• Cover
  • 17 de February de 2026
  • No Comment
  • 7 minutes read

Scottish education: Some Like It Hot

Scottish education: Some Like It Hot

Image generated using AI.

 

License Creative Commons

 

David Rabadà

 

Some Like It Hot — the famous comedy by Billy Wilder in which the protagonists spend the film dressed in women’s clothes — has nothing to do with the Scottish kilt worn on formal occasions. And yet, when it comes to education, Scotland seems to have taken the title rather literally. Educational reform there was pursued with such enthusiasm, and revised so many times, that it eventually began to resemble a comedy of its own.

At the dawn of the twenty-first century, Jack McConnell assumed responsibility for the finance and education portfolios with a clear ambition: to make Scotland top of the class by giving it the best education system in the world — something it did not yet possess, but was already within reach. Instead of refining what already worked, however, the essence of Scottish teaching was reshaped through pedagogical constructivism and the latest fashions in educational theory. Project-based learning, competence-based education, discovery learning and constructivism were enthusiastically imported from educational trends that had been circulating in the United States since the early twentieth century. They were presented as innovations, though most were already more than a century old.

A new curriculum was thus born, very much in the spirit of Some Like It Hot: boldly, enthusiastically, and with little regard for foreseeable consequences. And, as the film reminds us, nobody’s perfect.
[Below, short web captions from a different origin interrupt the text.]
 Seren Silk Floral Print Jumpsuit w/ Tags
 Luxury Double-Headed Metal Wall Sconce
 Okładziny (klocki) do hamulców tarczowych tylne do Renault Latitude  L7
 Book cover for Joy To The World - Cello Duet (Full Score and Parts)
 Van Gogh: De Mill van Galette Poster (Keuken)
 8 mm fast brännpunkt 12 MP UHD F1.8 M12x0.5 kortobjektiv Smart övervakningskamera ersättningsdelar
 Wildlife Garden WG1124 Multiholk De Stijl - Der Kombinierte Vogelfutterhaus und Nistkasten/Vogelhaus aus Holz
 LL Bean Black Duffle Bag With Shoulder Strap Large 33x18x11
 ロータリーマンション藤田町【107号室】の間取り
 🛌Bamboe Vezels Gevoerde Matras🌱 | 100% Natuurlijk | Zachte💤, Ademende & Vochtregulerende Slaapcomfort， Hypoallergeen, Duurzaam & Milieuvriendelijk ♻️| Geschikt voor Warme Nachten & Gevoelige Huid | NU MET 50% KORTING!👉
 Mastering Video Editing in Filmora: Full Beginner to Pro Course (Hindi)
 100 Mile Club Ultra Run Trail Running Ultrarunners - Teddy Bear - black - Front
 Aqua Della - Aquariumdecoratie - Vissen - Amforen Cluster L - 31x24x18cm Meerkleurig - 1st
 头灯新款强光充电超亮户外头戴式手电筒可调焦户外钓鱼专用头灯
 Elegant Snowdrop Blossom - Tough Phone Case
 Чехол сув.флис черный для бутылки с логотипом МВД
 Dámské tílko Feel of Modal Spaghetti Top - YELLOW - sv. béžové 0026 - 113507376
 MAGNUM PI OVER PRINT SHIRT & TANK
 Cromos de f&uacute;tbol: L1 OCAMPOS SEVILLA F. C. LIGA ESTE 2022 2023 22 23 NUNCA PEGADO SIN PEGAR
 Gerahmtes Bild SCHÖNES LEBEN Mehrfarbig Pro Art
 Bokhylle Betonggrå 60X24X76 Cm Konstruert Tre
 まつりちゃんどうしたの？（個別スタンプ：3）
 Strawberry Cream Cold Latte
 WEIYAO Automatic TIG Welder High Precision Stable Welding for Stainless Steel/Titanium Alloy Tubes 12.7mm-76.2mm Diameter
From then on, the Curriculum for Excellence reduced the centrality of knowledge transmission in favour of vague competences. Even though it was already well understood that competences cannot develop in the absence of knowledge, Scottish policy persisted along this path — a disaster waiting to happen.

Take history as an example. Pupils no longer needed to learn historical facts in any structured way; instead, they were encouraged to project their emotions onto past events. Knowing history became less important than feeling it. The past was to be interpreted through present sensibilities, while rigorous knowledge of what had actually happened faded into the background. Yet without what happened, there is no way of understanding the present, let alone making sense of it. Try explaining the Second World War without knowledge of the First, or the French Revolution without the Enlightenment.

What occurred in Scotland was a radical pedagogical shift: what had worked was dismantled in favour of what merely sounded appealing. Where once subject-specialist teachers stood at the centre of learning, now the pupil was declared the centre of the system. It sounded admirable, but it quietly displaced the subject expert from the heart of education. Learning by doing, discovery learning — the teacher stepped back while the pupil was expected to construct knowledge independently. The value of what was to be learned became secondary to the fashionable idea of preparing pupils for jobs that do not yet exist. A curious paradox: if we do not know the future, how can we prepare pupils for it by depriving them of the knowledge accumulated in the past? No robust evidence ever supported this assumption. At most, an OECD report in 2016 casually claimed — without empirical backing — that 65% of today’s pupils would work in jobs not yet invented, a claim seemingly invented out of thin air.

By 2010, the reform was fully under way in Scottish schools, accompanied by widespread bewilderment among teachers and an avalanche of bureaucracy. More reports, less teaching. Spain has experienced a similar absurdity since the LOGSE reform of the 1990s through to the current LOMLOE education law. Quebec, Portugal, France, Norway, Sweden, Finland, Denmark and the Netherlands followed comparable paths. One begins to wonder whether educational reforms spread like a contagious virus, or whether political imagination simply recycles the mistakes of neighbours.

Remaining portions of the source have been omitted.